(YOUR GOAL) Give back all the records exactly, keeping every line whole.

%%

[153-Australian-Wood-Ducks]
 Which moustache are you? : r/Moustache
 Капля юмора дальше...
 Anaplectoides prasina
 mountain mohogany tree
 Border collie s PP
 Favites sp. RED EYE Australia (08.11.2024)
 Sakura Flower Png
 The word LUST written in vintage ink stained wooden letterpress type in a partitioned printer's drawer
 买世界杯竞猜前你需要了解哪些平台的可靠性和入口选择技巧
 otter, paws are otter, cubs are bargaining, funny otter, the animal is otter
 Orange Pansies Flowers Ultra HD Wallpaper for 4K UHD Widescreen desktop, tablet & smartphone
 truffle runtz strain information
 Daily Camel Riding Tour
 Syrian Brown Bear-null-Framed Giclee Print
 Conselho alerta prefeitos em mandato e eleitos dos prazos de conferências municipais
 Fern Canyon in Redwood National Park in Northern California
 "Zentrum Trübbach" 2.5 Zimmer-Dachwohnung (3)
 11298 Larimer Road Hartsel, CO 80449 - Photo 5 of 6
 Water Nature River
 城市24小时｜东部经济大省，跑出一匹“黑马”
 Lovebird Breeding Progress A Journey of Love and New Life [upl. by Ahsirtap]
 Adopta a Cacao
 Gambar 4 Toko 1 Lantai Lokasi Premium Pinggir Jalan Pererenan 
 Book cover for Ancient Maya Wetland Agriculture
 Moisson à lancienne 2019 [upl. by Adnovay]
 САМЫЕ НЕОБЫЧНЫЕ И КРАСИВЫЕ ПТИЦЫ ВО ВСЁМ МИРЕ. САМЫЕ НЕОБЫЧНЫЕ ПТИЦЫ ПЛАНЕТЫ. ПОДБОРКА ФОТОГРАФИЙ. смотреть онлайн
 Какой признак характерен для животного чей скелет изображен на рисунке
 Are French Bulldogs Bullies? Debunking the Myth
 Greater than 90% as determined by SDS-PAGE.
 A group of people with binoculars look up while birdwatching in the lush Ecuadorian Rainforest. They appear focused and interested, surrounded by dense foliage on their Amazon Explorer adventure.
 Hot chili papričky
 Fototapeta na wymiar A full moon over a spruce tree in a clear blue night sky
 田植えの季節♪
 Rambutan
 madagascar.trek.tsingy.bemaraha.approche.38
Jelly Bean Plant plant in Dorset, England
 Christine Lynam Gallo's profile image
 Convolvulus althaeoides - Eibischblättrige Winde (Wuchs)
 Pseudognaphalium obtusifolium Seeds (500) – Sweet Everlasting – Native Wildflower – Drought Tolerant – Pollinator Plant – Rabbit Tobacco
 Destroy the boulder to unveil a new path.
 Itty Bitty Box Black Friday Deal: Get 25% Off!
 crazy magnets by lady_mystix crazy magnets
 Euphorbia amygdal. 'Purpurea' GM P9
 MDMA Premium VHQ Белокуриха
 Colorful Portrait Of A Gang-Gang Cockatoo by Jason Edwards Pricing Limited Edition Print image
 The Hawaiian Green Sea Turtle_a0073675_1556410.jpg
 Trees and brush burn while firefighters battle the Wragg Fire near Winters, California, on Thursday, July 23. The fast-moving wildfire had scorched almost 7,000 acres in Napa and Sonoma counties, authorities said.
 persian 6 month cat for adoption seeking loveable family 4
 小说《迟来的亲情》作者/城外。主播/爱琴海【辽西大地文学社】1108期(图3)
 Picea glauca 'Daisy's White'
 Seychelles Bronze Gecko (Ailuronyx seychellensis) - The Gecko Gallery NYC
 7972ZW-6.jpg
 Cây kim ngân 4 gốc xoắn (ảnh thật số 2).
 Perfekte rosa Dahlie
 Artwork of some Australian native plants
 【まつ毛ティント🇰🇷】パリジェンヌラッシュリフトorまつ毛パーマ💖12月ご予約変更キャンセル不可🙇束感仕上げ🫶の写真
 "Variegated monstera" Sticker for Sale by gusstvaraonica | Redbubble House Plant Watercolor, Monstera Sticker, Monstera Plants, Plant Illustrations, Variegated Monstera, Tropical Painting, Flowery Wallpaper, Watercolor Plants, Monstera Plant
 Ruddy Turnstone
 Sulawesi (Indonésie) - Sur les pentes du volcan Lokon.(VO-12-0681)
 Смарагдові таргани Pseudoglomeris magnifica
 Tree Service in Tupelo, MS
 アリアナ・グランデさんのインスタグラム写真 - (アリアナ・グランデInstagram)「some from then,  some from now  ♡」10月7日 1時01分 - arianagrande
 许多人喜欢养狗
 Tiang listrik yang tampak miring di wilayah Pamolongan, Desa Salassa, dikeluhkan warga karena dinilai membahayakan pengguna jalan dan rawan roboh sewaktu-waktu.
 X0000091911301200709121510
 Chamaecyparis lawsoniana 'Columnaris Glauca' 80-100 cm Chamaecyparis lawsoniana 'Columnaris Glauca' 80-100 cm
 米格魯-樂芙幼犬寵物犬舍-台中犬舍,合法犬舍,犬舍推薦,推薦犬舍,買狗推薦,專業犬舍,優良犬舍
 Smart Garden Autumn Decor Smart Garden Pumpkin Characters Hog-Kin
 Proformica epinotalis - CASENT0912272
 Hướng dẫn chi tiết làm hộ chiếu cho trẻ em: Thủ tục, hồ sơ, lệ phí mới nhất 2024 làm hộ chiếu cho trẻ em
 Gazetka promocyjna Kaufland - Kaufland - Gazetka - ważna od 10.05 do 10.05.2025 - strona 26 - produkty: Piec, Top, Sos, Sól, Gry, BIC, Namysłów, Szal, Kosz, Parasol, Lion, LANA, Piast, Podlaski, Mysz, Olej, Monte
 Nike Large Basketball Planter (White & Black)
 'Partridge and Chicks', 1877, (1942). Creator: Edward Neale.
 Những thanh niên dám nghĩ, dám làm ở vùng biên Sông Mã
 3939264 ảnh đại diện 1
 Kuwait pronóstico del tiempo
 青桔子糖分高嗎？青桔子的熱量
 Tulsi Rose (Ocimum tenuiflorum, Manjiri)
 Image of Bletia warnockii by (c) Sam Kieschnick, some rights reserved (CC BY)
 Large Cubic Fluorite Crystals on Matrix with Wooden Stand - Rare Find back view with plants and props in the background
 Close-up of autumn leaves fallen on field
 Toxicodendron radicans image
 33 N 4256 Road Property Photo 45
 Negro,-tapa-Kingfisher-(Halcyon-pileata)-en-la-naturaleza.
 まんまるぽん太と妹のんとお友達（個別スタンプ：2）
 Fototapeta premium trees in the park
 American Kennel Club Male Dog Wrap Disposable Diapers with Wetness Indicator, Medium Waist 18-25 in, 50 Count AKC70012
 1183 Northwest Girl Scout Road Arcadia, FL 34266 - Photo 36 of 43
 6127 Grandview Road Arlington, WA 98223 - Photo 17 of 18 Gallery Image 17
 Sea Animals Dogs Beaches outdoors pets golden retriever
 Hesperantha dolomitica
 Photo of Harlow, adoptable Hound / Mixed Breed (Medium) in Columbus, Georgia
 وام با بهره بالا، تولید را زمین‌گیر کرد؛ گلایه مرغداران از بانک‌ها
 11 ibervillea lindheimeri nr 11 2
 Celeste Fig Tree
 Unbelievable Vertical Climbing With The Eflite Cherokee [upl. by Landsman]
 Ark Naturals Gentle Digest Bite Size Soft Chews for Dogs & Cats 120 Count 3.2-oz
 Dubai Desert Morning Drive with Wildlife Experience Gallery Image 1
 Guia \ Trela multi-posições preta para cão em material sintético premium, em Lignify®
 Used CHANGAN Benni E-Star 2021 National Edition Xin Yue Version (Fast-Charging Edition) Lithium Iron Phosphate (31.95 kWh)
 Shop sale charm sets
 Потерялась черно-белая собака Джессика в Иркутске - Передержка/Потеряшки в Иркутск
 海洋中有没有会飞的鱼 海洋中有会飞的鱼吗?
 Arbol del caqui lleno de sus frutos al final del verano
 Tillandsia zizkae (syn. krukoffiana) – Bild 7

%%

(ANSWER SECTION)
[153-Australian-Wood-Ducks]
 Which moustache are you? : r/Moustache
 Капля юмора дальше...
 Anaplectoides prasina
 mountain mohogany tree
 Border collie s PP
 Favites sp. RED EYE Australia (08.11.2024)
 Sakura Flower Png
 The word LUST written in vintage ink stained wooden letterpress type in a partitioned printer's drawer
 买世界杯竞猜前你需要了解哪些平台的可靠性和入口选择技巧
 otter, paws are otter, cubs are bargaining, funny otter, the animal is otter
 Orange Pansies Flowers Ultra HD Wallpaper for 4K UHD Widescreen desktop, tablet & smartphone
 truffle runtz strain information
 Daily Camel Riding Tour
 Syrian Brown Bear-null-Framed Giclee Print
 Conselho alerta prefeitos em mandato e eleitos dos prazos de conferências municipais
 Fern Canyon in Redwood National Park in Northern California
 "Zentrum Trübbach" 2.5 Zimmer-Dachwohnung (3)
 11298 Larimer Road Hartsel, CO 80449 - Photo 5 of 6
 Water Nature River
 城市24小时｜东部经济大省，跑出一匹“黑马”
 Lovebird Breeding Progress A Journey of Love and New Life [upl. by Ahsirtap]
 Adopta a Cacao
 Gambar 4 Toko 1 Lantai Lokasi Premium Pinggir Jalan Pererenan 
 Book cover for Ancient Maya Wetland Agriculture
 Moisson à lancienne 2019 [upl. by Adnovay]
 САМЫЕ НЕОБЫЧНЫЕ И КРАСИВЫЕ ПТИЦЫ ВО ВСЁМ МИРЕ. САМЫЕ НЕОБЫЧНЫЕ ПТИЦЫ ПЛАНЕТЫ. ПОДБОРКА ФОТОГРАФИЙ. смотреть онлайн
 Какой признак характерен для животного чей скелет изображен на рисунке
 Are French Bulldogs Bullies? Debunking the Myth
 Greater than 90% as determined by SDS-PAGE.
 A group of people with binoculars look up while birdwatching in the lush Ecuadorian Rainforest. They appear focused and interested, surrounded by dense foliage on their Amazon Explorer adventure.
 Hot chili papričky
 Fototapeta na wymiar A full moon over a spruce tree in a clear blue night sky
 田植えの季節♪
 Rambutan
 madagascar.trek.tsingy.bemaraha.approche.38
Jelly Bean Plant plant in Dorset, England
 Christine Lynam Gallo's profile image
 Convolvulus althaeoides - Eibischblättrige Winde (Wuchs)
 Pseudognaphalium obtusifolium Seeds (500) – Sweet Everlasting – Native Wildflower – Drought Tolerant – Pollinator Plant – Rabbit Tobacco
 Destroy the boulder to unveil a new path.
 Itty Bitty Box Black Friday Deal: Get 25% Off!
 crazy magnets by lady_mystix crazy magnets
 Euphorbia amygdal. 'Purpurea' GM P9
 MDMA Premium VHQ Белокуриха
 Colorful Portrait Of A Gang-Gang Cockatoo by Jason Edwards Pricing Limited Edition Print image
 The Hawaiian Green Sea Turtle_a0073675_1556410.jpg
 Trees and brush burn while firefighters battle the Wragg Fire near Winters, California, on Thursday, July 23. The fast-moving wildfire had scorched almost 7,000 acres in Napa and Sonoma counties, authorities said.
 persian 6 month cat for adoption seeking loveable family 4
 小说《迟来的亲情》作者/城外。主播/爱琴海【辽西大地文学社】1108期(图3)
 Picea glauca 'Daisy's White'
 Seychelles Bronze Gecko (Ailuronyx seychellensis) - The Gecko Gallery NYC
 7972ZW-6.jpg
 Cây kim ngân 4 gốc xoắn (ảnh thật số 2).
 Perfekte rosa Dahlie
 Artwork of some Australian native plants
 【まつ毛ティント🇰🇷】パリジェンヌラッシュリフトorまつ毛パーマ💖12月ご予約変更キャンセル不可🙇束感仕上げ🫶の写真
 "Variegated monstera" Sticker for Sale by gusstvaraonica | Redbubble House Plant Watercolor, Monstera Sticker, Monstera Plants, Plant Illustrations, Variegated Monstera, Tropical Painting, Flowery Wallpaper, Watercolor Plants, Monstera Plant
 Ruddy Turnstone
 Sulawesi (Indonésie) - Sur les pentes du volcan Lokon.(VO-12-0681)
 Смарагдові таргани Pseudoglomeris magnifica
 Tree Service in Tupelo, MS
 アリアナ・グランデさんのインスタグラム写真 - (アリアナ・グランデInstagram)「some from then,  some from now  ♡」10月7日 1時01分 - arianagrande
 许多人喜欢养狗
 Tiang listrik yang tampak miring di wilayah Pamolongan, Desa Salassa, dikeluhkan warga karena dinilai membahayakan pengguna jalan dan rawan roboh sewaktu-waktu.
 X0000091911301200709121510
 Chamaecyparis lawsoniana 'Columnaris Glauca' 80-100 cm Chamaecyparis lawsoniana 'Columnaris Glauca' 80-100 cm
 米格魯-樂芙幼犬寵物犬舍-台中犬舍,合法犬舍,犬舍推薦,推薦犬舍,買狗推薦,專業犬舍,優良犬舍
 Smart Garden Autumn Decor Smart Garden Pumpkin Characters Hog-Kin
 Proformica epinotalis - CASENT0912272
 Hướng dẫn chi tiết làm hộ chiếu cho trẻ em: Thủ tục, hồ sơ, lệ phí mới nhất 2024 làm hộ chiếu cho trẻ em
 Gazetka promocyjna Kaufland - Kaufland - Gazetka - ważna od 10.05 do 10.05.2025 - strona 26 - produkty: Piec, Top, Sos, Sól, Gry, BIC, Namysłów, Szal, Kosz, Parasol, Lion, LANA, Piast, Podlaski, Mysz, Olej, Monte
 Nike Large Basketball Planter (White & Black)
 'Partridge and Chicks', 1877, (1942). Creator: Edward Neale.
 Những thanh niên dám nghĩ, dám làm ở vùng biên Sông Mã
 3939264 ảnh đại diện 1
 Kuwait pronóstico del tiempo
 青桔子糖分高嗎？青桔子的熱量
 Tulsi Rose (Ocimum tenuiflorum, Manjiri)
 Image of Bletia warnockii by (c) Sam Kieschnick, some rights reserved (CC BY)
 Large Cubic Fluorite Crystals on Matrix with Wooden Stand - Rare Find back view with plants and props in the background
 Close-up of autumn leaves fallen on field
 Toxicodendron radicans image
 33 N 4256 Road Property Photo 45
 Negro,-tapa-Kingfisher-(Halcyon-pileata)-en-la-naturaleza.
 まんまるぽん太と妹のんとお友達（個別スタンプ：2）
 Fototapeta premium trees in the park
 American Kennel Club Male Dog Wrap Disposable Diapers with Wetness Indicator, Medium Waist 18-25 in, 50 Count AKC70012
 1183 Northwest Girl Scout Road Arcadia, FL 34266 - Photo 36 of 43
 6127 Grandview Road Arlington, WA 98223 - Photo 17 of 18 Gallery Image 17
 Sea Animals Dogs Beaches outdoors pets golden retriever
 Hesperantha dolomitica
 Photo of Harlow, adoptable Hound / Mixed Breed (Medium) in Columbus, Georgia
 وام با بهره بالا، تولید را زمین‌گیر کرد؛ گلایه مرغداران از بانک‌ها
 11 ibervillea lindheimeri nr 11 2
 Celeste Fig Tree
 Unbelievable Vertical Climbing With The Eflite Cherokee [upl. by Landsman]
 Ark Naturals Gentle Digest Bite Size Soft Chews for Dogs & Cats 120 Count 3.2-oz
 Dubai Desert Morning Drive with Wildlife Experience Gallery Image 1
 Guia \ Trela multi-posições preta para cão em material sintético premium, em Lignify®
 Used CHANGAN Benni E-Star 2021 National Edition Xin Yue Version (Fast-Charging Edition) Lithium Iron Phosphate (31.95 kWh)
 Shop sale charm sets
 Потерялась черно-белая собака Джессика в Иркутске - Передержка/Потеряшки в Иркутск
 海洋中有没有会飞的鱼 海洋中有会飞的鱼吗?
 Arbol del caqui lleno de sus frutos al final del verano
 Tillandsia zizkae (syn. krukoffiana) – Bild 7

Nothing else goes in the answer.